*** Opening of Information supplied ***
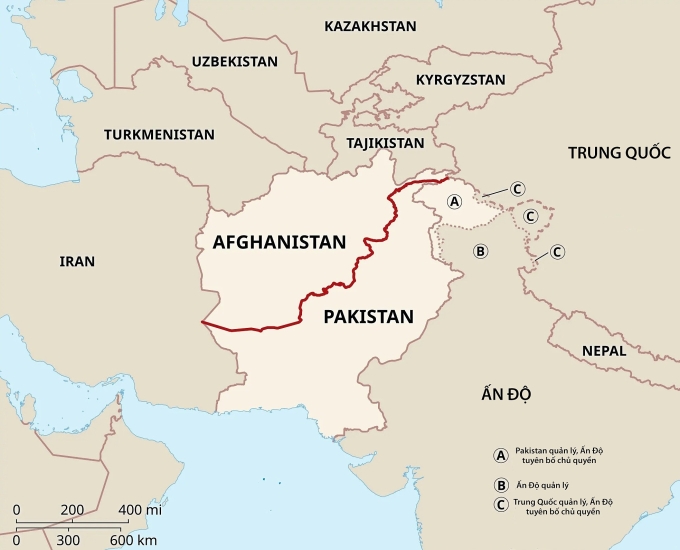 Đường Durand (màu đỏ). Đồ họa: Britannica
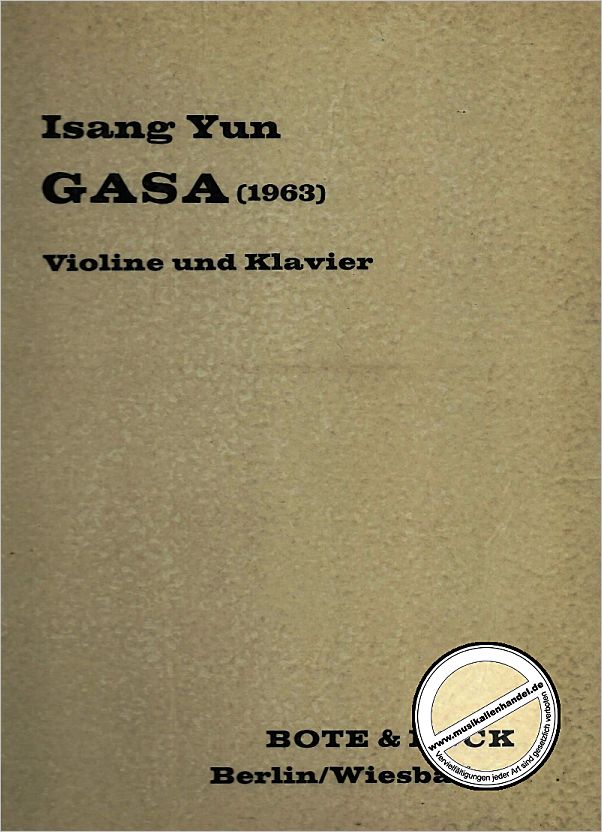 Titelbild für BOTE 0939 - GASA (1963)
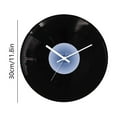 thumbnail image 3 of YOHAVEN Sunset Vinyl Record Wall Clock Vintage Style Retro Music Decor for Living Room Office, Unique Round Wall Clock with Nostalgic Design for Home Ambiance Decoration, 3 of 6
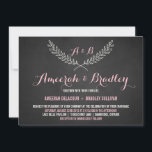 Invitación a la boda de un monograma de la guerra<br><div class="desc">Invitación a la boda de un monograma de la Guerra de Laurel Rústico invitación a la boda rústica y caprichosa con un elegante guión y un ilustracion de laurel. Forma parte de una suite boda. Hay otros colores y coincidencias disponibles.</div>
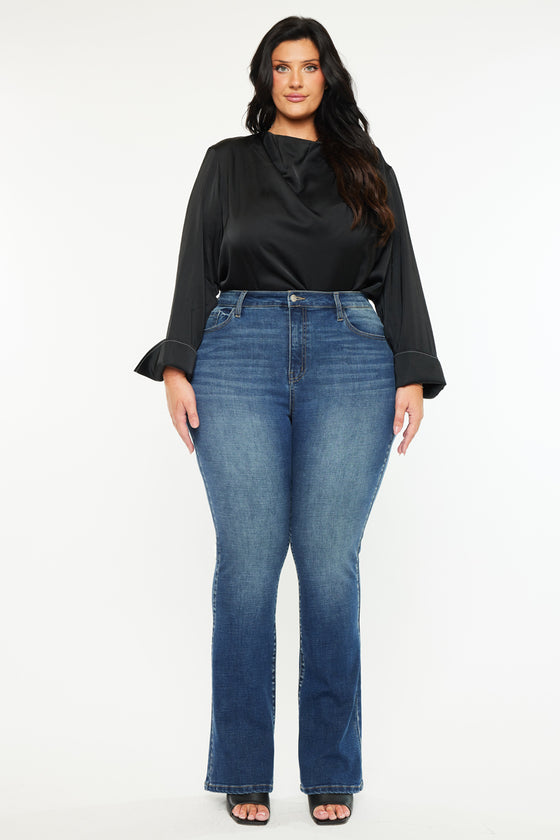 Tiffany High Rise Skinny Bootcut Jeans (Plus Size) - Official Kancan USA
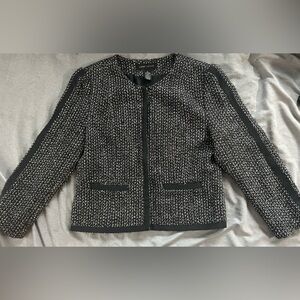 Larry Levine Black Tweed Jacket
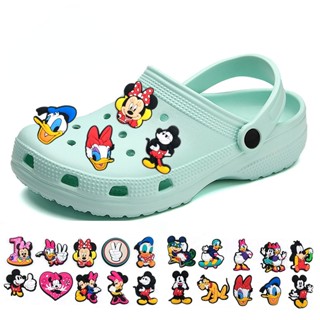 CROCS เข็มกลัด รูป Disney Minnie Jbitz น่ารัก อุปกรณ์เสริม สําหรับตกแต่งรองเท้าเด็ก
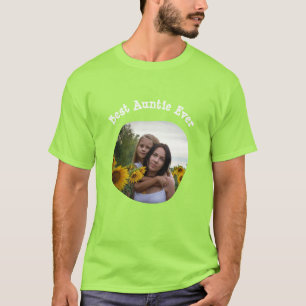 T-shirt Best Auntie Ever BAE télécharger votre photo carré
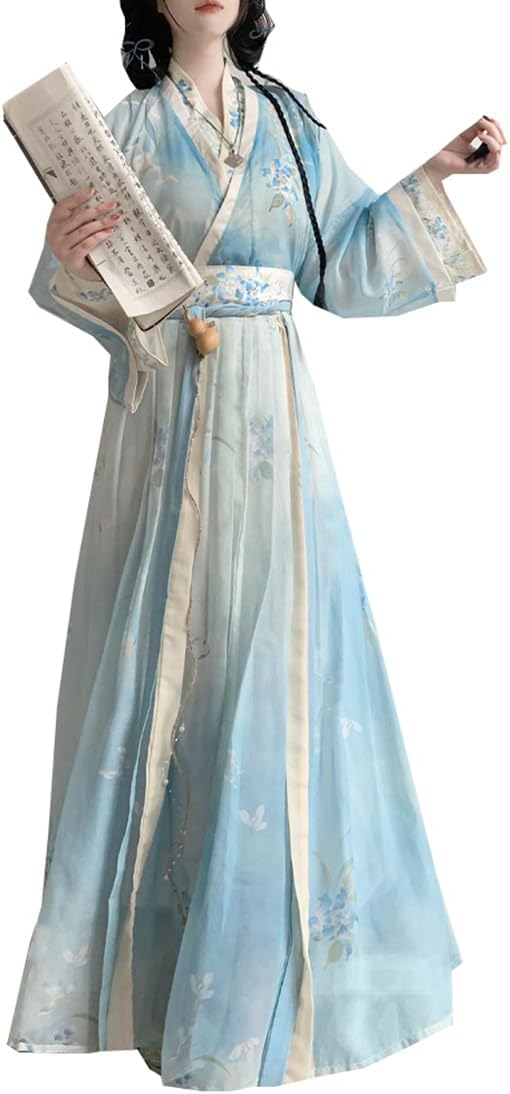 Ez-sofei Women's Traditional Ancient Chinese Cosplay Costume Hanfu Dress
*** Close of Information supplied ***
=== Work item ===
Output the data exactly. Leave every picture out.

=== Written response ===
 Đường Durand (màu đỏ). Đồ họa: Britannica
 Titelbild für BOTE 0939 - GASA (1963)
 thumbnail image 3 of YOHAVEN Sunset Vinyl Record Wall Clock Vintage Style Retro Music Decor for Living Room Office, Unique Round Wall Clock with Nostalgic Design for Home Ambiance Decoration, 3 of 6
 Invitación a la boda de un monograma de la guerra<br><div class="desc">Invitación a la boda de un monograma de la Guerra de Laurel Rústico invitación a la boda rústica y caprichosa con un elegante guión y un ilustracion de laurel. Forma parte de una suite boda. Hay otros colores y coincidencias disponibles.</div>
 Tiffany High Rise Skinny Bootcut Jeans (Plus Size) - Official Kancan USA
 Larry Levine Black Tweed Jacket
 CROCS เข็มกลัด รูป Disney Minnie Jbitz น่ารัก อุปกรณ์เสริม สําหรับตกแต่งรองเท้าเด็ก
 T-shirt Best Auntie Ever BAE télécharger votre photo carré
 Ez-sofei Women's Traditional Ancient Chinese Cosplay Costume Hanfu Dress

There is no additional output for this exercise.